Recorded data -
• • •
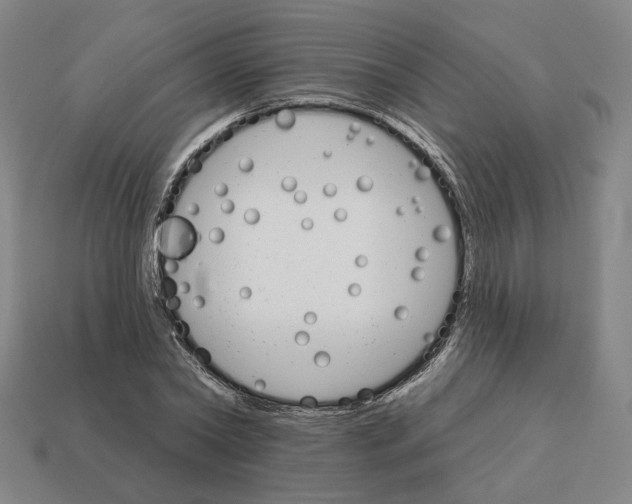 X0000111930782200909071237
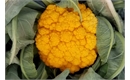 Picture of Clementine Cauliflower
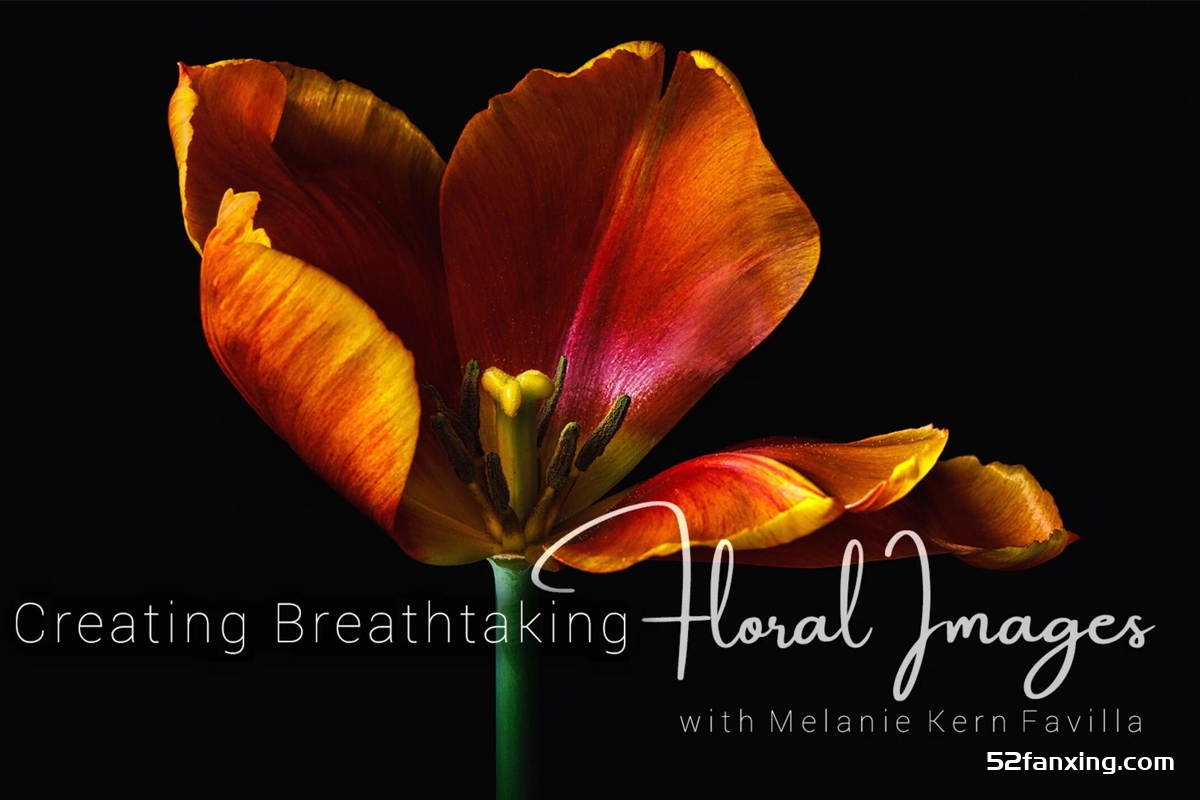 KelbyOne -Melanie Kern-Favilla 花卉静物微距摄影教程-中文字幕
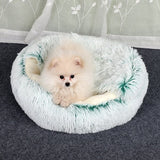 Cozy Convertible Pet Bed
• • •
Task prompt - Write the full listing out again with every line unchanged, but include no pictures.

Answer to this exercise -
 X0000111930782200909071237
 Picture of Clementine Cauliflower
 KelbyOne -Melanie Kern-Favilla 花卉静物微距摄影教程-中文字幕
 Cozy Convertible Pet Bed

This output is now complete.